De uitspraak is gedaan door mr. B. Meijer, lid van de enkelvoudige kamer, in tegenwoordigheid van mr. J. Verbeek, griffier. De uitspraak is openbaar gedaan op 17 december 2024.

Uitspraak

202306532/1/V1.
Datum uitspraak: 17 december 2024
AFDELING
BESTUURSRECHTSPRAAK
Uitspraak met toepassing van artikel 8:54, eerste lid, van de Algemene wet bestuursrecht (hierna: de Awb) op het hoger beroep van:
[de vreemdeling],
appellante,
tegen de uitspraak van de rechtbank Den Haag, zittingsplaats Haarlem, van 26 september 2023 in zaak nr. NL23.18187 in het geding tussen:
de vreemdeling
en
de minister van Asiel en Migratie.
Procesverloop
De vreemdeling heeft beroep ingesteld tegen het niet tijdig nemen van een besluit op een aanvraag om haar een machtiging tot voorlopig verblijf te verlenen.
Bij uitspraak van 26 september 2023 heeft de rechtbank het beroep gegrond verklaard en bepaald dat de staatssecretaris van Justitie en Veiligheid binnen twintig weken alsnog een besluit op de aanvraag bekendmaakt en aan de vreemdeling een dwangsom verbeurt van € 100,00 voor elke dag dat hij die termijn overschrijdt, met een maximum van € 7.500,00.
Tegen deze uitspraak heeft de vreemdeling, vertegenwoordigd door mr. W.M. Blaauw, advocaat in Haarlem, hoger beroep ingesteld.
Bij besluit van 20 september 2024 heeft de minister de aanvraag van de vreemdeling ingewilligd.
De vreemdeling heeft op verzoek van de Afdeling een nader stuk ingediend.
Overwegingen
1.       Toen de rechtbank uitspraak deed op het beroep van de vreemdeling tegen het niet tijdig nemen van een besluit, had de minister nog geen besluit genomen op haar aanvraag van 12 oktober 2022. Dat heeft hij bij besluit van 20 september 2024 wel gedaan. Wat de vreemdeling aanvoert, schept geen belang voor het beoordelen van haar hoger beroep. Zoals de Afdeling eerder heeft overwogen, geeft de vraag of de minister moet worden veroordeeld tot vergoeding van de in beroep en hoger beroep gemaakte proceskosten, onvoldoende aanleiding om tot een inhoudelijke beoordeling van de zaak over te gaan (vergelijk de uitspraken van 26 april 2018, ECLI:NL:RVS:2018:1423, en 5 augustus 2020, ECLI:NL:RVS:2020:1855).

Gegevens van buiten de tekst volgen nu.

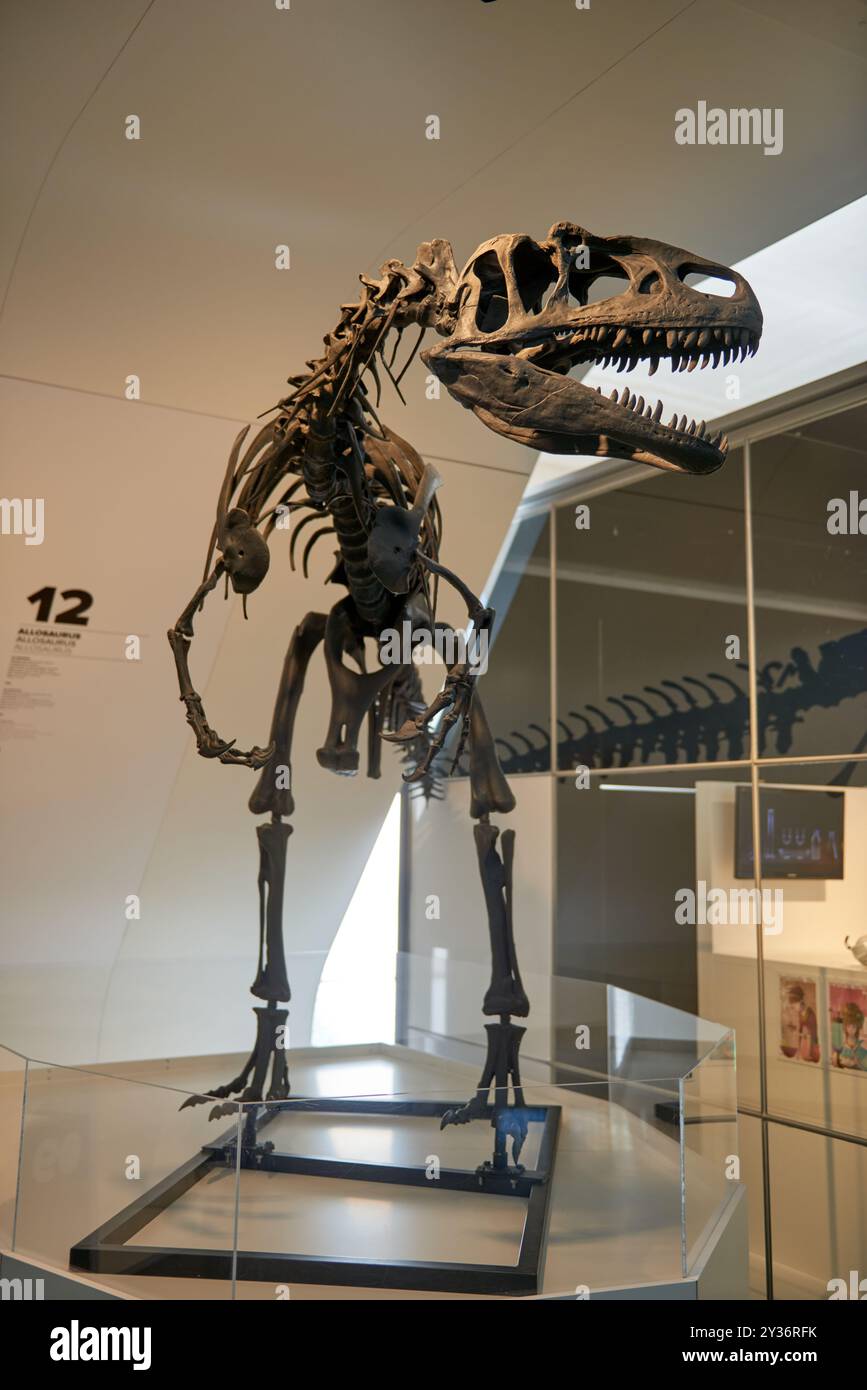Das beeindruckende, fleischfressende Dinosaurier Skelett, das in der Ausstellung des Natural History Museum thront, zieht Besucher aller Altersgruppen in ihren Bann. Majestätischer Prähistorischer Predator Stockfoto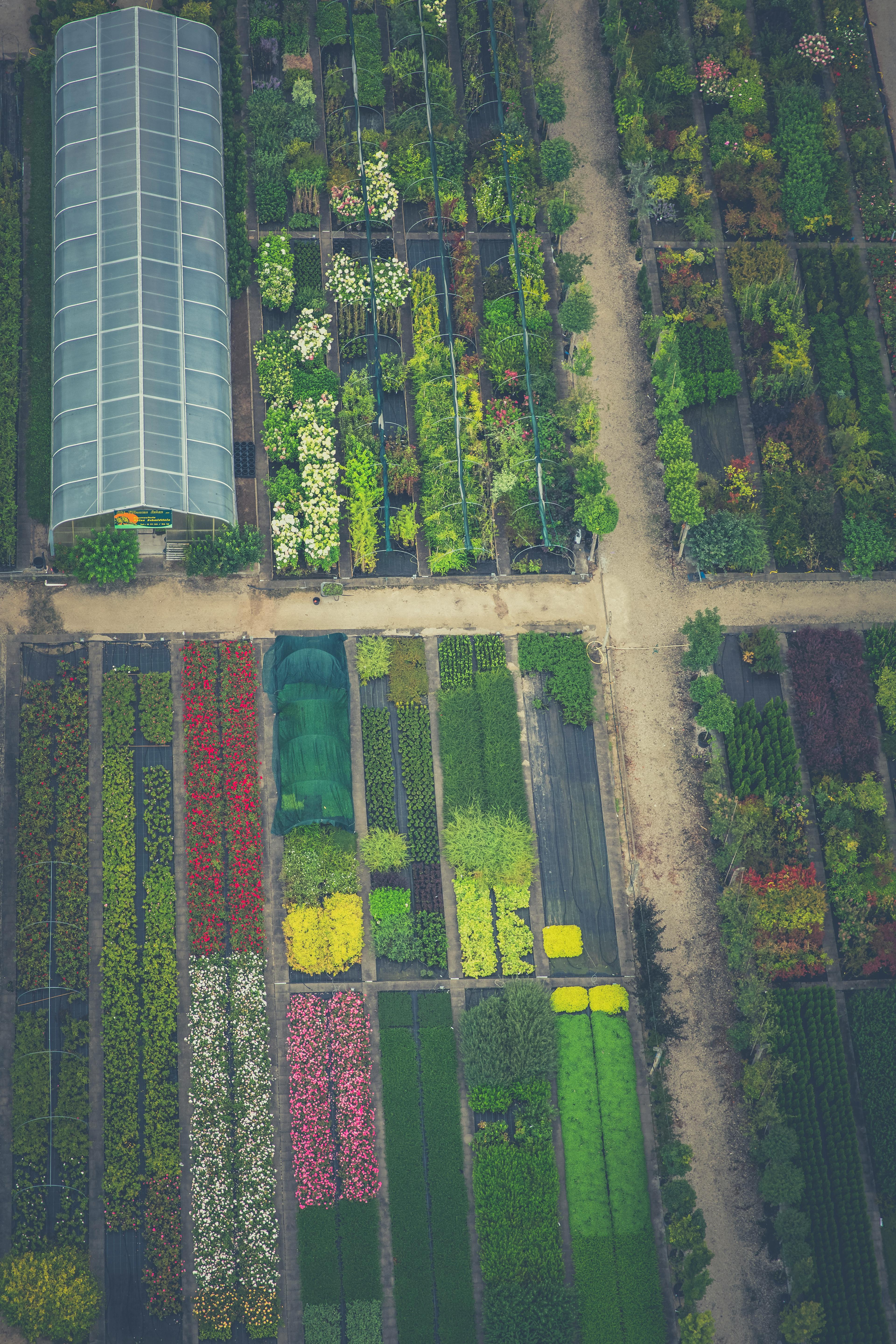 Beispiel für eine gelungene Gartenplanung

2.       Het hoger beroep is niet-ontvankelijk.
3.       Niettemin moet worden bezien of de minister met toepassing van artikel 8:75 van de Awb tot vergoeding van de proceskosten moet worden veroordeeld. Daarvoor kan aanleiding bestaan als hij aan de vreemdeling tegemoet is gekomen of als het belang bij een uitspraak op het hoger beroep anderszins door zijn toedoen is vervallen (uitspraak van de Afdeling van 5 augustus 2020, onder 2.1). Het is vaste rechtspraak van de Afdeling dat, wanneer de minister hangende het beroep tegen het niet tijdig nemen van een besluit dit besluit alsnog neemt, dit wordt aangemerkt als tegemoetkomen als bedoeld in artikel 8:75a van de Awb (uitspraken van 28 februari 2019, ECLI:NL:RVS:2019:665, onder 1.2, en 24 oktober 2024, ECLI:NL:RVS:2024:4296, onder 5). Dat het hoger beroep gaat over de door de rechtbank bepaalde beslistermijn, laat onverlet dat het belang van een uitspraak is komen te vervallen doordat de minister een besluit heeft genomen. De Afdeling ziet daarom aanleiding om de minister in de proceskosten te veroordelen.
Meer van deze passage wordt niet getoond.